A reluctant medium discovers the ties that bind can unleash a dangerous power in this …

Review of 'Black Water Sister' on 'Goodreads'

3 stars

I enjoyed Zen Cho's books about the Sorcerer Royal. They were fun and they were funny. The sudden eruption of Malay witches into the staid ranks of English wizardry was an excellent and fruitful joke. But it seems that these were warming-upexercises, a joyful romp before she got down to serious business.

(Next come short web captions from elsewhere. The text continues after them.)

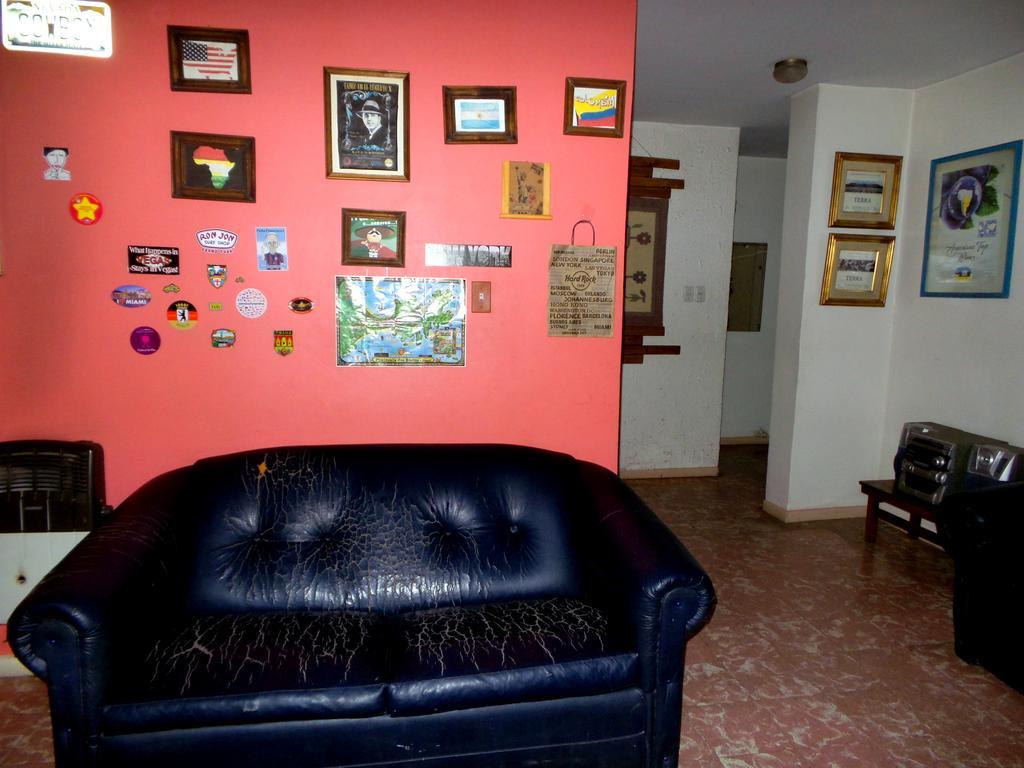 Hostel Otro Mundo Capdevila エクステリア 写真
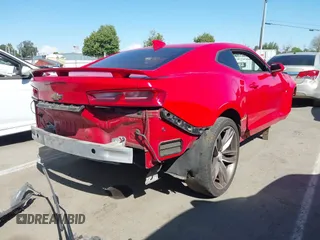 2016 Chevrolet Camaro 2SS z VIN 1G1FH1R71G0118652, wystawiony jako IAAI lot #42087638 z przebiegiem Nie podano mil oraz . Historia ofert i sprzedaży dostępna na DreamBid. Obrazek 4.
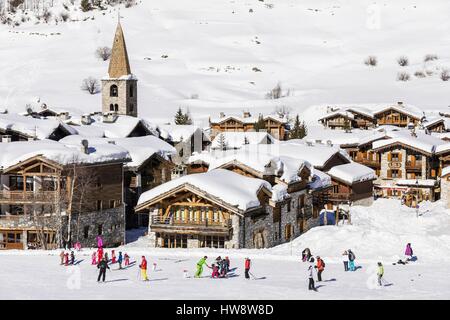 France, Savoie, Val D'Isère, vue sur le village et le Lombard clocher de l'église Saint Bernard de Menthon, massif de la Vanoise, haute Tarentaise Banque D'Images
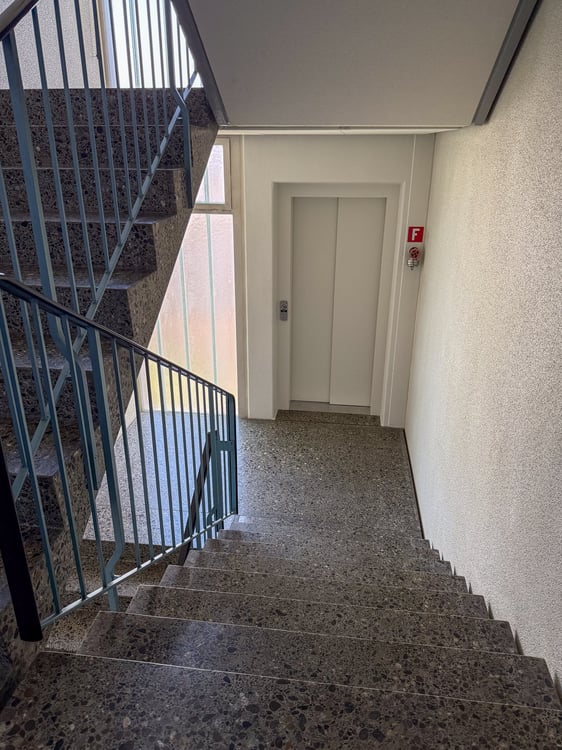 Helle 5-Zimmerwohnung an ruhiger und zentraler Lage in Zürich-Albisrieden 18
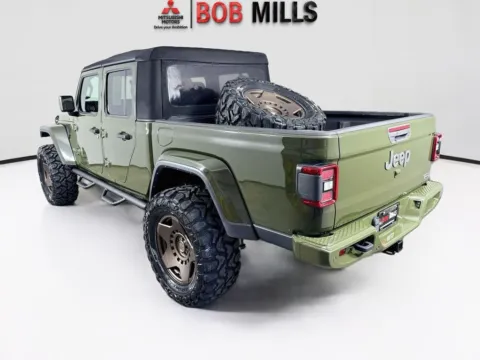 More photos of 2022 Jeep Gladiator Overland at Bob Mills Mitsubishi-Myrtle Beach, SC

The protagonist of this novel has accompanied her parents back to Malaysia after spending her childhood and adolescence in the USA. This wrench - her father has returned because he failed to make it in the states, and is now dependent on family charity for employment and living quarters - accentuates her liminality. She has to face up to being neither child nor adult, neither American nor Malaysian, and, as she gloomily puts it at one point, neither straight nor gay (she has an ongoing relationship with another woman, but is unable to tell her parents, or indeed, anyone else). And most pressingly, as someone who seems not be religiously or spiritually inclined, she finds herself to be possessed, first by her grandmother's ghost, and then by the spirit of a powerful goddess. It's through her struggle with the two supernatural beings that she finally comes to recognise her own inner strengths, and determine her own pathway.

This is obstensibly weightier stuff than the earlier books - although racism and cultural confusions were already central themes. I missed the lightness of touch, the playfulness of the earlier works. There are moments of comedy in this book, but it is, for the most part, serious stuff. It is well written - Cho is a writer - and reads easily.